Il presidente del Friuli Venezia-Giulia non le ha mandate a dire e riferendosi a Vannacci, a Un Giorno da Pecora, ha detto “Spero possa contribuire a fare delle liste forti e ad ottenere un buon risultato per la Lega, io sono molto contento dei candidati proposti in Friuli Venezia-Giulia, candidature di valore ed espressione del mio territorio” riservandosi la coltellata per il finale “Io lavorerò per questi tre candidati, visto che al massimo si possono esprimere tre preferenze”. Che oltre all’ovvio “Non lo votiamo” e non lo faremo votare è anche un messaggio a Salvini affinché eviti di candidarlo come capolista. Anche Centinaio ha detto la sua in modo inequivocabile: “Mio nonno è stato picchiato dai fascisti” ha dichiarato a Repubblica, aggiungendo poi “Voterò per uno della Lega. E come me tanti altri.” In precedenza anche il capogruppo alla Camera Riccardo Molinari e quello al Senato Massimiliano Romeo, si erano espressi allo stesso modo”. Volendo poi andare a spulciare tra le liste non stupisce nemmeno un po’ che una macchina da voti come il governatore del Veneto Luca Zaia non sia stato messo in lista e gli si preferisca Vannacci. Il segno è chiaro: Salvini vuole andare dove va la maggioranza cui appartiene, cioè verso un’autarchica di stampo ungherese e verso la cancellazione dello stato democratico come lo conosciamo, che è la direzione contraria in cui va la Lega che conta (quella che prende i voti). Pace all’anima sua. E con la sua, quella del Crippa.
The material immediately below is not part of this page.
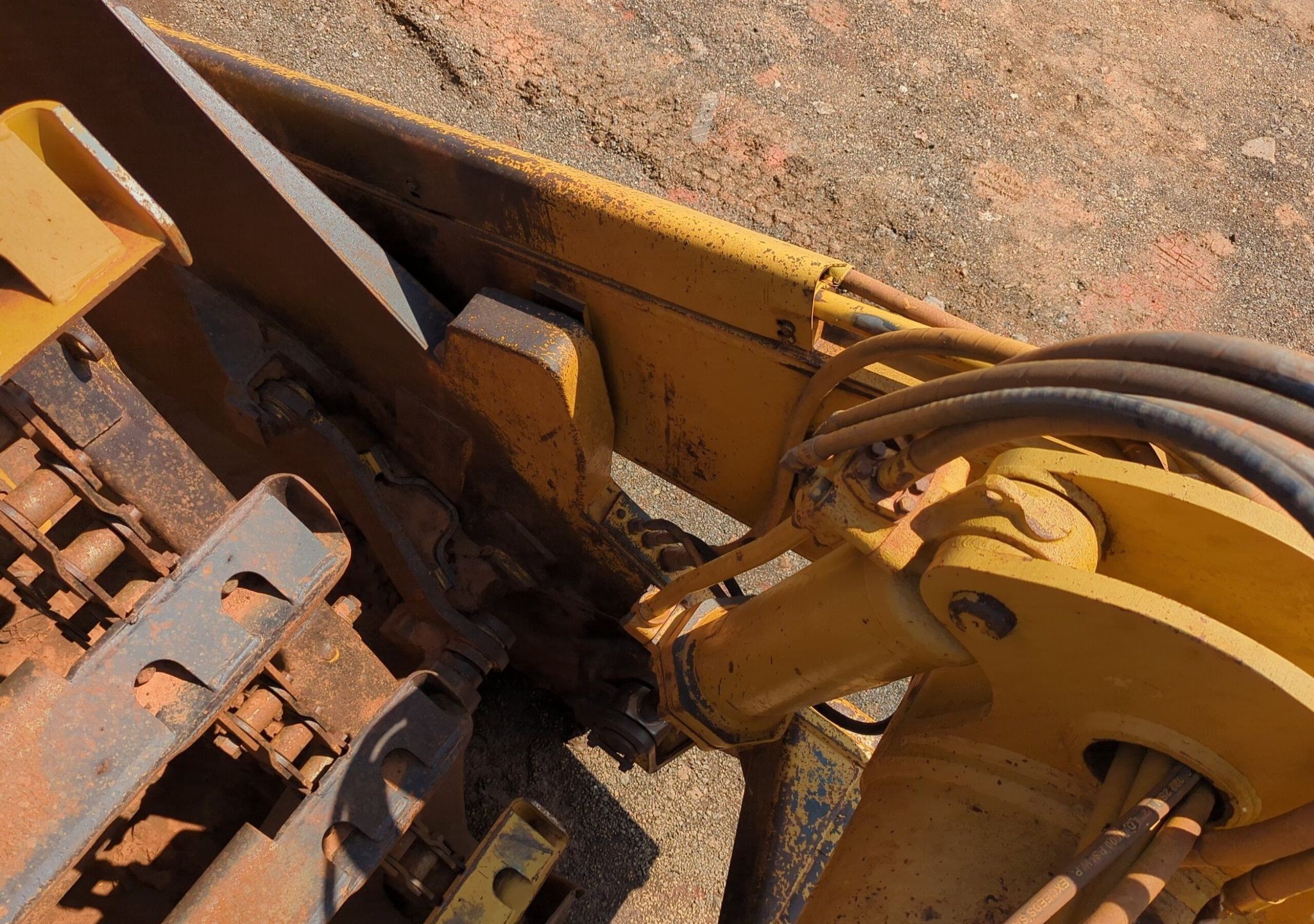 gallery 1995 Caterpillar 623F Elevating Scraper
Verrebbe voglia di essere già al 10 giugno per vedere come e quanto ha funzionato questa nuova straordinaria avventura salviniana, quel segretario e sempre ministro che dal Papeete non ne imbrocca una: voleva pieni poteri, se li è presi la Meloni; voleva una Lega vincente, perde voti ad ogni battito di ciglia; voleva essere qualcuno e a modo suo lo è diventato. Ci sono sempre motivi di soddisfazione.
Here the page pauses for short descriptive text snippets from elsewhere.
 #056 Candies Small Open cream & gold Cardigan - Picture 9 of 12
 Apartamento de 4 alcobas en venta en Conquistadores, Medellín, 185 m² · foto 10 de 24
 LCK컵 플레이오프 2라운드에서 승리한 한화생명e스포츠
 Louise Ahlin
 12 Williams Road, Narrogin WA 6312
L’ultima avventura parte da una candidatura che spacca la Lega dall’alto, per effetto dell’ennesima impopolare decisione della segreteria, con la rivolta contro i vertici che parte dal basso, da quelli che sono in Lega da 40 anni e che al gioco al Salvini non ci stanno più. E sono quelli che portano i voti: dal Veneto al Friuli Venezia-Giulia, da Fedriga a Zaia a tutta la base (milioni di voti). Sembra chiaro che Salvini è al redde rationem. Sarà un piacere.